Out-Law News 3 min. read

High Court upholds recognition of US arbitral award, but delays enforcement to give losing party opportunity to challenge


The losing party in an arbitration case decided in the US has been prevented from setting aside recognition of the award in England, but can delay enforcement by the winning party until it has had a chance to challenge the award in the US, the High Court in England has said.

Alongside his judgment, High Court judge Mr Justice Blair granted security over the full amount of the award to Travis Coal Restructured Holdings, the party seeking to enforce it. This meant that the winning party would not suffer any prejudice in the event that it became more difficult to enforce the award in the future, he said.
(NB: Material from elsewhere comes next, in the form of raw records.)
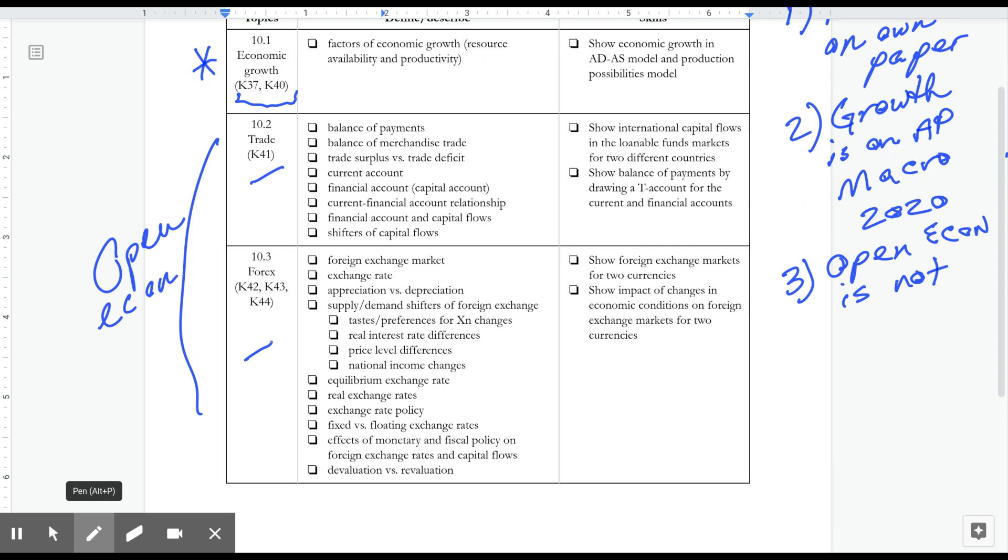You are free to do the modules that are listed here. These four modules, 41, 42, 43, and 44, they do appear on the unit 10 multiple choice exam. If you choose to take that in this class, if not, that's fine.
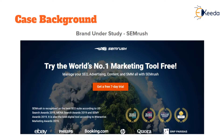SEMrush is a marketing tool provider that manages SEO, advertising, content, social media marketing, and much more — including analytics and site audits. They have very reputed brands like eBay, Philips, Booking.com, HP, and Quora among their clients, and have been awarded several awards for their interactive as well as highly customer-supportive services.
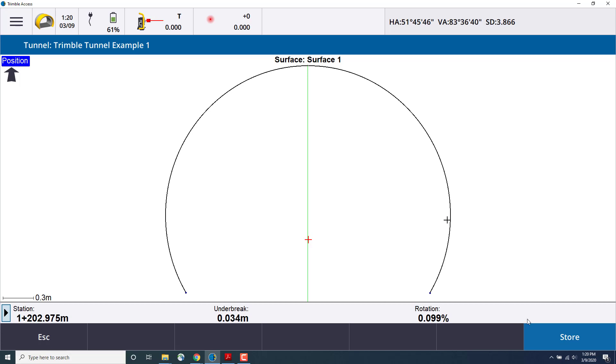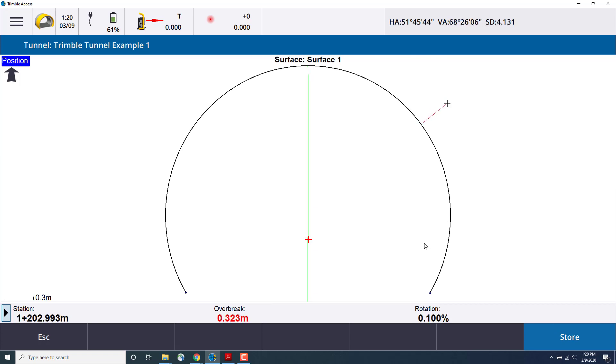I'll store a point here, and this will automatically create a new point since I defined the point range. I can also measure a point that is outside of the over or under break tolerances as well.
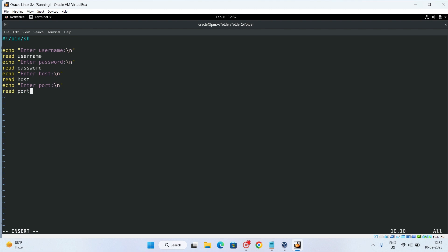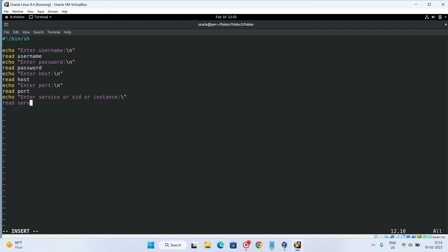And finally, what we do: enter service or SID, service or SID instance, or you can say these are the parameters which we require to automate the shell script.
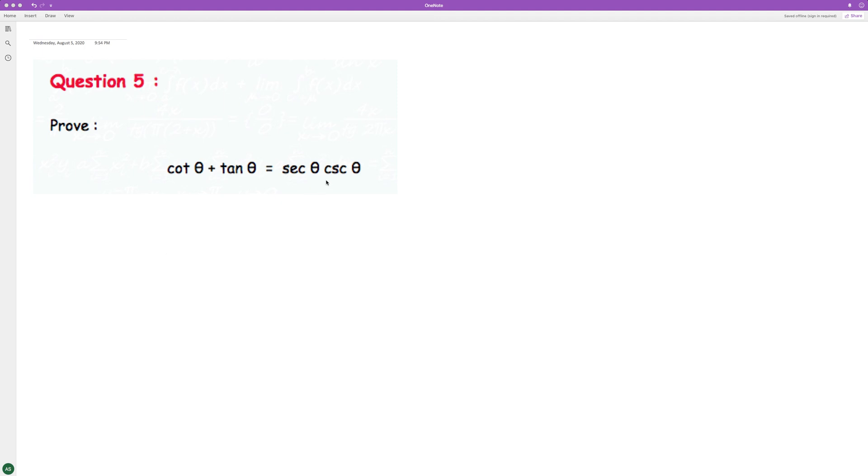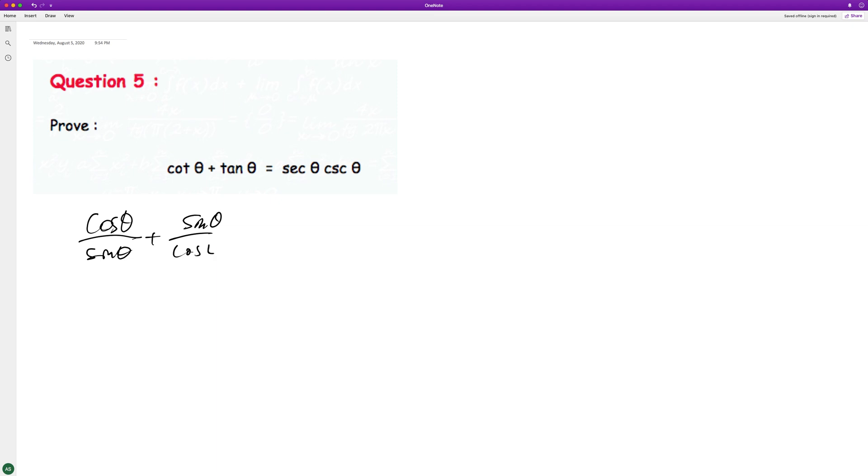Prove the trig identity that the left side equals the right side. To do that, we'll rewrite this as cosine theta over sine theta plus sine theta over cosine theta.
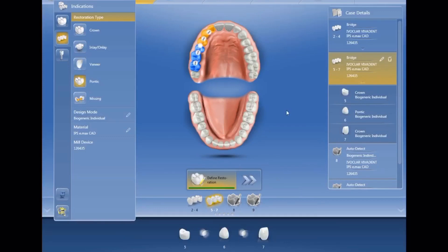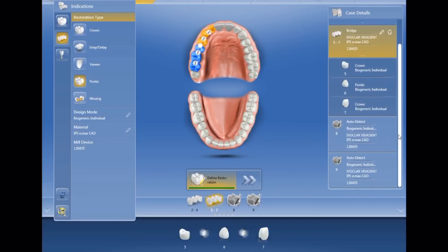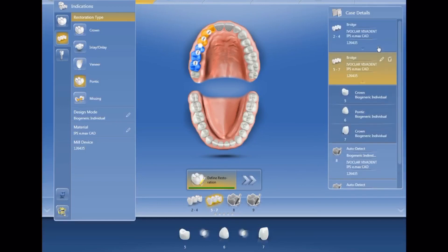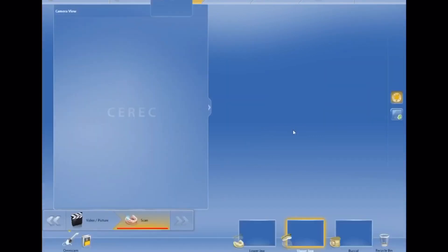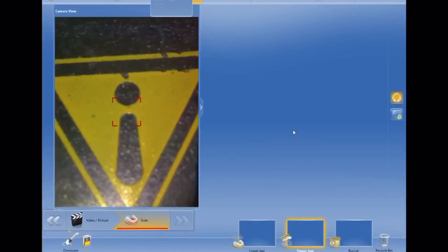Now we have two independent bridges showing up on the bottom — fairly simple, fairly straightforward. You can also confirm on the right side of the screen that there are two individual bridges: two to four, and five to seven. I learned something new from this case.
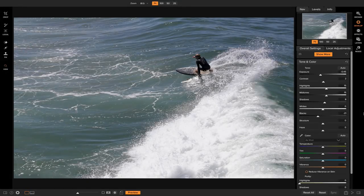Hey everybody, welcome back to Tip of the Week. In this week's video I want to show you guys how you can quickly add detail to any photo using On One Photo Raw 2018. So let's get started here.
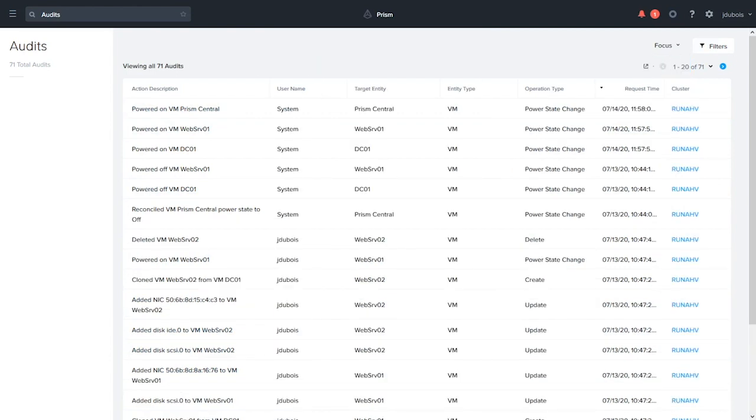You can also export all the events to a CSV file by simply clicking the export CSV button.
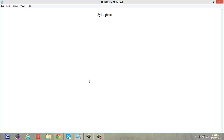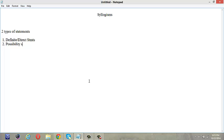Generally in syllogisms we have two types of statements: definite or direct statements and possibility statements. We will discuss possibility statements in the next videos. Today we will go for definite statements. Generally in syllogisms, the statements given are not real, but we have to consider them as true.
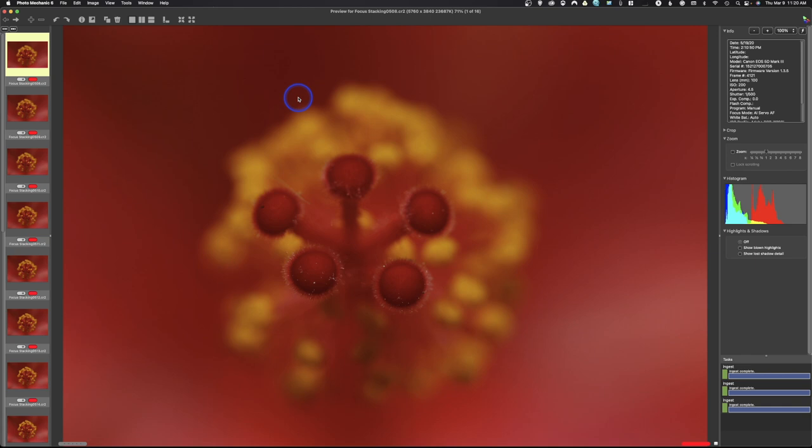All right, welcome to Photoshop. Today we're going to take a look at focus stacking, and I'm going to use a flower because I had people complain that I use the bug and they don't like looking at the bug. So we're going to take a look at how to focus stack.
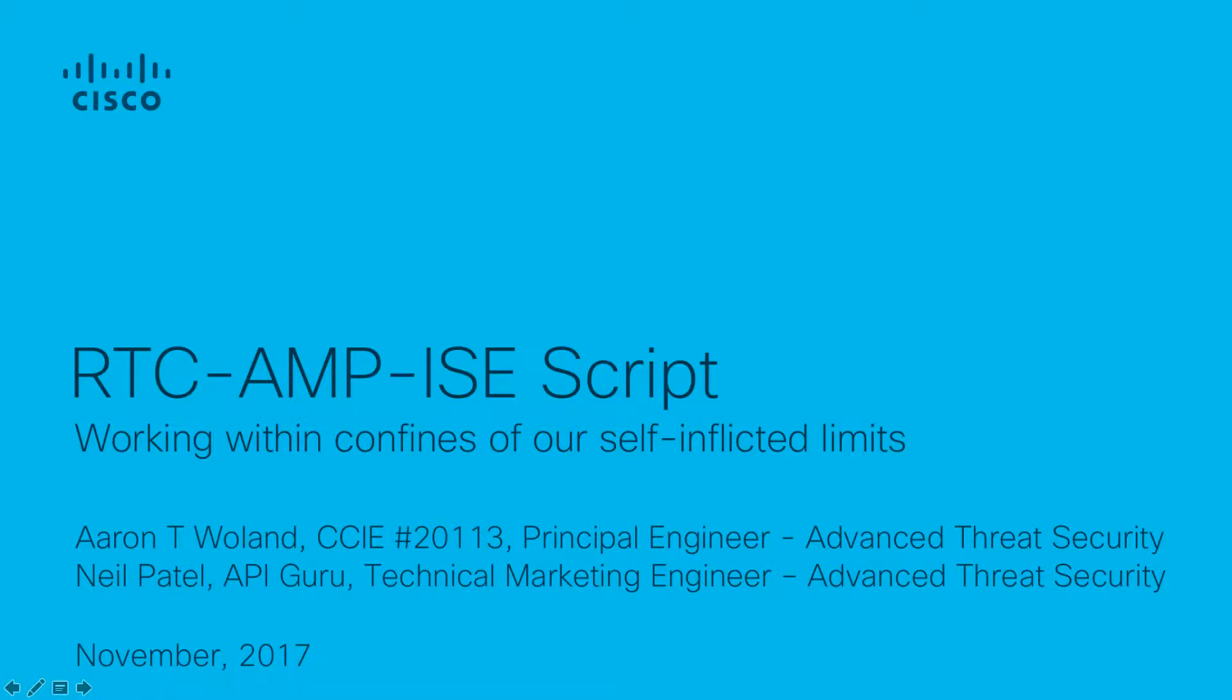Hi, I'm Aaron Wolland. I'm a Principal Engineer in Cisco's Advanced Threat Security Team. I'm here to show you an example of the types of tools that you can create using our OpenAPIs in our security products to provide the types of automated behavior that you may be looking for.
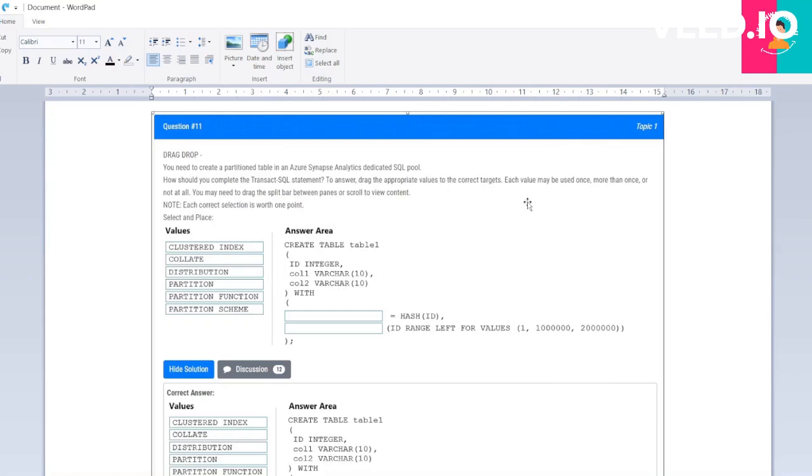Hello everyone, in the last video we covered some real-time questions for TP203 core examination. In this video we are going to cover more real-time questions. If you have not subscribed to our channel, please subscribe to be updated about this kind of examination.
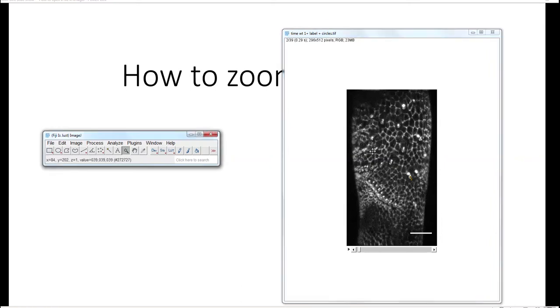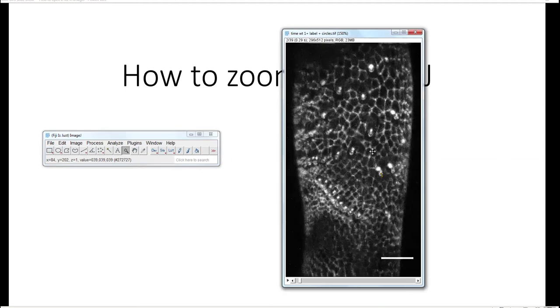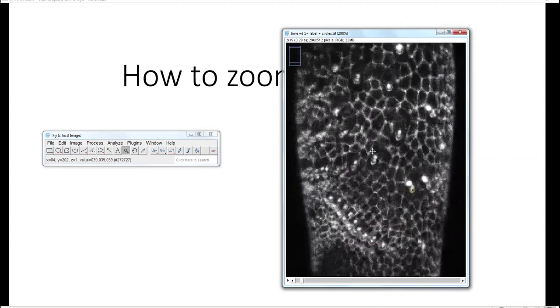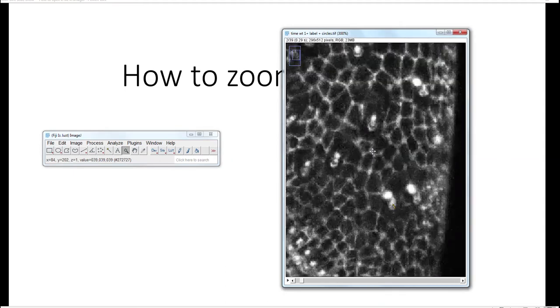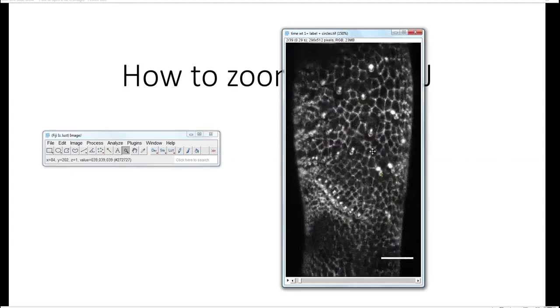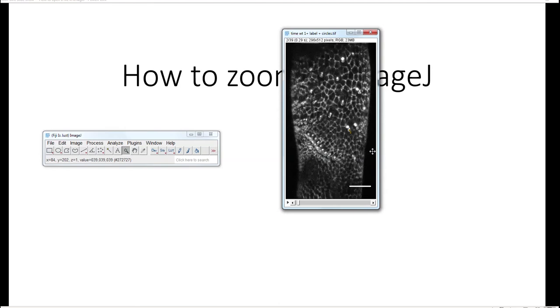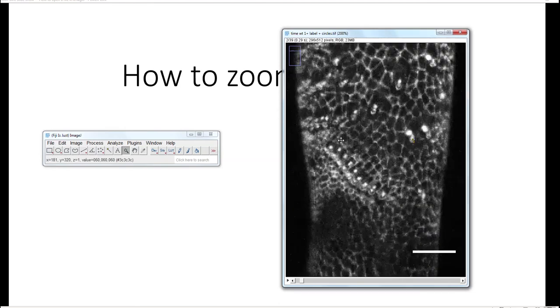If you go to the movie and left-click, you can zoom in. If you right-click, you can zoom out to the size that you want.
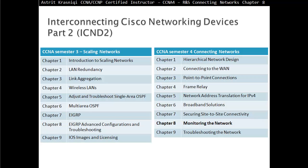Hello and thank you for watching my video. My name is Astrid Krasnici. I'm CCNA and CCNP Certified Instructor. On this video we are covering CCNA Semester 4, Routing and Switching, Connecting Networks. This is Chapter 8, Monitoring the Network.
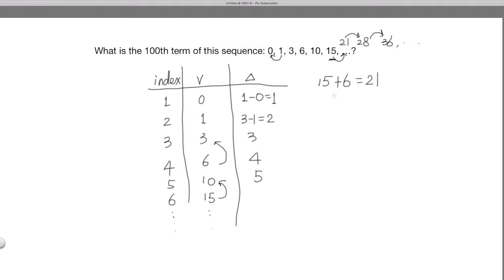Now we know how to write down the sequence numbers one by one. But the question asks for the 100th term — and writing terms one by one will take a long time. The problem could just as easily ask for the 1,000th term, making that approach clearly impractical. So we need to find a general formula for any term.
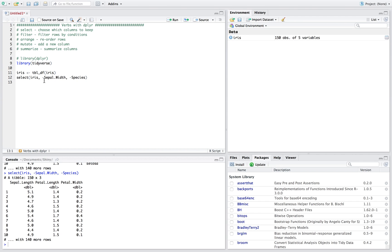Another nice thing — you don't have to use any quotes here. There are no quotes around column names. You just provide your dataset, then what you want or don't want, and it selects those columns for you. That's about it for the select statement. If this video was helpful, press the like button and subscribe for more R videos. To see the next verb, filter, click the link. Thanks, have a good day!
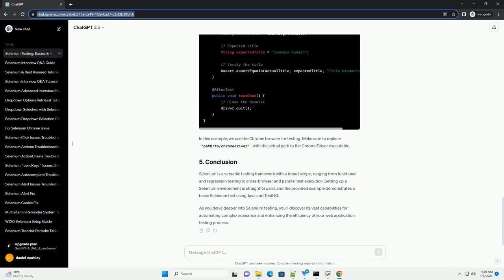Selenium allows parallel execution of test cases, which significantly reduces the overall test execution time. This is crucial for large test suites.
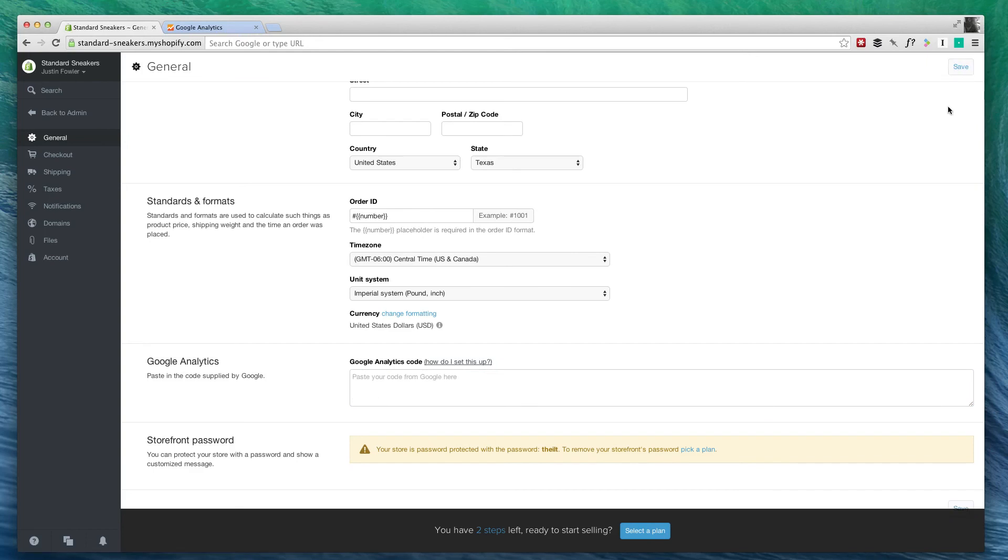And once you click Save, you are done. If you need to go check your analytics, all you have to do is log into Google Analytics. And you can find some information about who's looking at your website, how long they're staying, and things like that.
International arbitration expert Richard Dickman of Pinsent Masons, the law firm behind Out-Law.com, said that the case highlighted the "finely balanced exercise" that courts had to carry out when one party to an arbitration sought to enforce an award which was being challenged in another jurisdiction.

"One of the attractions of arbitration as a method of dispute resolution is the relative ease of enforcement of arbitral awards," he said. "This is because almost 150 countries are signatories to the 1958 New York Convention on the Recognition and Enforcement of Foreign Arbitral Awards, which provides very limited grounds on which a court in a country where an award is sought to be enforced to refuse enforcement. Even then, refusal of enforcement is at the discretion of the enforcing court, so even where the award has been set aside by the courts of the 'seat' the enforcing court could still enforce the award, as happened in the recent Rosneft case."

In this case a Cayman company, Essar Global Fund Ltd, which was the losing party in the original US arbitration, tried unsuccessfully to overturn the English High Court's earlier recognition of the US award. Alternatively, Essar asked to have enforcement adjourned until a decision was made on a challenge it was making in the New York. Both the New York Convention and the Arbitration Act 1996, which regulates the procedural aspects of arbitration in the UK, state that the enforcing court in these circumstances may adjourn the enforcement decision and may also order suitable security to be provided by the losing party.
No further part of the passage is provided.